Arancini plays driver, counter-attacker, or outside shooter, and has held a water polo scholarship from the Western Australian Institute of Sport and the Australian Institute of Sport. She plays club water polo for the Melville, Western Australia team in the Premier League. In 2009, she played for them in a match against City Beach and scored three goals where her team won 9–8. She is a member of the Fremantle Marlins of the National Water Polo League from 2005 to the present. In her first season in the league, she scored 7 goals. During the 2007 and 2008 season, she scored 42 and 32 goals respectively. In the 2009 and 2010 seasons, she scored 64 goals and followed this up with 66 in the 2011 season.
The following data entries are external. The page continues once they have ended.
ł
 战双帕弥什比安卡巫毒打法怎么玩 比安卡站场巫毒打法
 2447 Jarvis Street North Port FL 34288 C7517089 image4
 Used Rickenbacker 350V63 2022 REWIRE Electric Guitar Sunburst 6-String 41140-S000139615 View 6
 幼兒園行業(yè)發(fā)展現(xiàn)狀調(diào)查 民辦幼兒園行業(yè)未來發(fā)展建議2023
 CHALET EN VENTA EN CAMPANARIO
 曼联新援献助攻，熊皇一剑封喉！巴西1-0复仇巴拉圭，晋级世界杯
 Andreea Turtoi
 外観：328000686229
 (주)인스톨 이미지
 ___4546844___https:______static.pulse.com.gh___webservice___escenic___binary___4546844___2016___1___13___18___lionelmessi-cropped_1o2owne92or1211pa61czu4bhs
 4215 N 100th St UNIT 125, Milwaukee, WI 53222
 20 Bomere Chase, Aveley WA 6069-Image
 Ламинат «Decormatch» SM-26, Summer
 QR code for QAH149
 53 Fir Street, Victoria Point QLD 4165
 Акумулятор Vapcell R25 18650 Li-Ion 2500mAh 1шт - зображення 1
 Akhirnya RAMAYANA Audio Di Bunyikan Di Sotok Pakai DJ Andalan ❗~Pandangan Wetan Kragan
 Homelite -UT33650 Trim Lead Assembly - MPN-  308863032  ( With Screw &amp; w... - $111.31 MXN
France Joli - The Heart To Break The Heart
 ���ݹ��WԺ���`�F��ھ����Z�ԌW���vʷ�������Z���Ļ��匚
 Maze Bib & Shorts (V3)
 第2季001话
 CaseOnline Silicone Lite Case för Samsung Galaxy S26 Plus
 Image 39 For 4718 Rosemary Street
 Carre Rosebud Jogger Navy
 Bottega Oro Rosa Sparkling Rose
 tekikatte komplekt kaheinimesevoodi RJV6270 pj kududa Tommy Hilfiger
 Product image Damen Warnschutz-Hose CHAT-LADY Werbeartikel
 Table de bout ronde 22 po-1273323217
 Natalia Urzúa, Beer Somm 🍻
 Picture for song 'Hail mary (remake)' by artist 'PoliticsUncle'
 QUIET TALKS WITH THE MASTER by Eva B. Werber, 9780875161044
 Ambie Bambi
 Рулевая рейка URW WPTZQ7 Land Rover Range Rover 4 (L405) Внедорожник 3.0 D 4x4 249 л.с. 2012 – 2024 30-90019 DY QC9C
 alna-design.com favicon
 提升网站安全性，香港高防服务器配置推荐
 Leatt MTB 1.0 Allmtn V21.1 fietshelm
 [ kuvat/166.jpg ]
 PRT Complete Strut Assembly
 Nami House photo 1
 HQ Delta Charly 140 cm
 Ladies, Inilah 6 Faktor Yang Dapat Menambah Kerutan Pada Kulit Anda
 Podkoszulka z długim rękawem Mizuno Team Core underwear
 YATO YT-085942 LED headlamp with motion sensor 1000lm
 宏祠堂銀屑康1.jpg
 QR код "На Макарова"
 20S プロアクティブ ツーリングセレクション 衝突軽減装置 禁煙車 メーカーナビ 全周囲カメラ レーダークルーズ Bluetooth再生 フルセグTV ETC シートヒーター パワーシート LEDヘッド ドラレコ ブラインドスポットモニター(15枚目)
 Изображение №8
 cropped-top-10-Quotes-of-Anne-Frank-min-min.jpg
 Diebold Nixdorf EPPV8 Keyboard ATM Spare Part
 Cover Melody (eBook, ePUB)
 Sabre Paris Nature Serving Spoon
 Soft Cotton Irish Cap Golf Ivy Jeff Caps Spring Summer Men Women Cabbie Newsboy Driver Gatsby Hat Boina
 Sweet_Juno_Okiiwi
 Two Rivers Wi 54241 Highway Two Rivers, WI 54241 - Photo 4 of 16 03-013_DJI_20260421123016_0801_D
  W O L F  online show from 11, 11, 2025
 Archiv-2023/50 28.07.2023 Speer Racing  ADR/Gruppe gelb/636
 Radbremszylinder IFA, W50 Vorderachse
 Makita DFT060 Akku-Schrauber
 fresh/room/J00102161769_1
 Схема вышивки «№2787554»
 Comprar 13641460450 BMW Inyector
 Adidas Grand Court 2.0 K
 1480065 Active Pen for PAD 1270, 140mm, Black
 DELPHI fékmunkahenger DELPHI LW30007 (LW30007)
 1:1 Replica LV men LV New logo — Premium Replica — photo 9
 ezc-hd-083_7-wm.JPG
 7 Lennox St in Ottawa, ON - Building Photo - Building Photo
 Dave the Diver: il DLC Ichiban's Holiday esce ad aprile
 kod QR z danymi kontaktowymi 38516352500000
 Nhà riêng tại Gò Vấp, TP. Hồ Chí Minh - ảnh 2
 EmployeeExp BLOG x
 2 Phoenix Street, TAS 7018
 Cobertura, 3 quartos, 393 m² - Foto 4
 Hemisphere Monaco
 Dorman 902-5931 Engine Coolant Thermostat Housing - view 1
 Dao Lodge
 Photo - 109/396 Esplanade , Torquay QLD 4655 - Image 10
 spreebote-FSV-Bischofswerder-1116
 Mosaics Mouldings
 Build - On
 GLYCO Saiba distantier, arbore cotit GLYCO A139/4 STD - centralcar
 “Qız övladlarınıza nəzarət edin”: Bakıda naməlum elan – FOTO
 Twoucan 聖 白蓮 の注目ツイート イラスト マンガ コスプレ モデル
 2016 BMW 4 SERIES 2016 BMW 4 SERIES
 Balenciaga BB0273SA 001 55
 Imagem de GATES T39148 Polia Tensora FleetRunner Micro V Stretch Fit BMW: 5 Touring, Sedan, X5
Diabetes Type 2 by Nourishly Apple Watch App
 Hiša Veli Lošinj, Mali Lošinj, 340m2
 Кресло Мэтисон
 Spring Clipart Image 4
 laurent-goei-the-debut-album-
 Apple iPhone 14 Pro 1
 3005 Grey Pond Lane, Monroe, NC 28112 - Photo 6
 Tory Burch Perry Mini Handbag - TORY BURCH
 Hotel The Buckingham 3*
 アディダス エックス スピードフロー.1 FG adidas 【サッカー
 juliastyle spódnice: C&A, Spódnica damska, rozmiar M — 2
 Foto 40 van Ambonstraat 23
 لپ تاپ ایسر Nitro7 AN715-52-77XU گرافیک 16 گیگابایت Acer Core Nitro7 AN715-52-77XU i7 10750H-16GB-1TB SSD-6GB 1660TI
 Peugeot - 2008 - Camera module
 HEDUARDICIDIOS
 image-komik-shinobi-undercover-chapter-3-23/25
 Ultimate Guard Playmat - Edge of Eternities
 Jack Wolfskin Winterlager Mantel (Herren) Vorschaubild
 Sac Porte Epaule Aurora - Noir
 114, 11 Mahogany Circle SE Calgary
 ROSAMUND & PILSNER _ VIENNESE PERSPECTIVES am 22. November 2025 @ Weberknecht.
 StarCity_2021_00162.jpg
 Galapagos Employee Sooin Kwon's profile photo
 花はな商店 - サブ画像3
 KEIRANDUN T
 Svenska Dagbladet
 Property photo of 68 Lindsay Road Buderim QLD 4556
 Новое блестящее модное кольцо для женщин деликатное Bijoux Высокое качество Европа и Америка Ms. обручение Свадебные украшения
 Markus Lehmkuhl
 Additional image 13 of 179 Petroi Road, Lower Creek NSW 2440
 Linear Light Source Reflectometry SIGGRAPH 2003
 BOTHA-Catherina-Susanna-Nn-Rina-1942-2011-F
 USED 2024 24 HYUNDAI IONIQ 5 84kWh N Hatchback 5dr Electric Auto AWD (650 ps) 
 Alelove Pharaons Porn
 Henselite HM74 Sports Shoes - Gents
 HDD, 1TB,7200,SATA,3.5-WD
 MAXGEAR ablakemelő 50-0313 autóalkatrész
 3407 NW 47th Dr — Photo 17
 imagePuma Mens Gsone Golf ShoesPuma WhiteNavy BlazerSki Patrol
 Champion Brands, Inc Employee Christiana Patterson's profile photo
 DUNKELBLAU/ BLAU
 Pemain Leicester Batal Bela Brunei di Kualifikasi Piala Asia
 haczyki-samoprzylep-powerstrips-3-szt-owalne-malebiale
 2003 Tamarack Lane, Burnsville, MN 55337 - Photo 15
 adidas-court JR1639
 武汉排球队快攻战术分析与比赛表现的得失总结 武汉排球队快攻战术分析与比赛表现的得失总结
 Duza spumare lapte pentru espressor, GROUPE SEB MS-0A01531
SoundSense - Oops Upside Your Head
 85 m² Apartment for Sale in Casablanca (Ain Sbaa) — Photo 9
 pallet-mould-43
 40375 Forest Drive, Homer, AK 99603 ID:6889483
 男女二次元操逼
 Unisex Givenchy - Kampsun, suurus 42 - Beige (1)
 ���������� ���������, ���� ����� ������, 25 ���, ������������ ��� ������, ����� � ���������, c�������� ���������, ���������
As of April 2012 she has scored 63 goals in the season. Her mother is her coach on the Marlins. Between the junior and senior sides, she has represented Australia in over eighty games. Her club won the league championships in 2005, 2007 and 2008.

===Junior national team===
Arancini has represented Australia on the junior national team. In July 2006, she was a member of the Youth Girls squad that competed in an international series in Auckland, New Zealand. In 2007, she was a member of the U16 national team. She was a member of the junior national side at the 2007 FINA U20 World Championships in Porto, Portugal. In January 2009, she was a member of the national team that competed at the Australian Youth Olympic Festival held in Sydney. She competed in the preliminary match against China where Australia won 17–10. She scored three goals in the match. She also scored three goals in a 19–17 preliminary round loss to Hungary. At the same tournament, she competed in the gold medal finals where her team took silver following a 10–9 loss to Hungary. She scored one goal in the finals match. She represented Australia at the 2009 FINA Junior World Championships, where she was the team captain. Her team finished seventh in the tournament. She was a member of the Australian side that finished third at the 2011 FINA Junior World Championships.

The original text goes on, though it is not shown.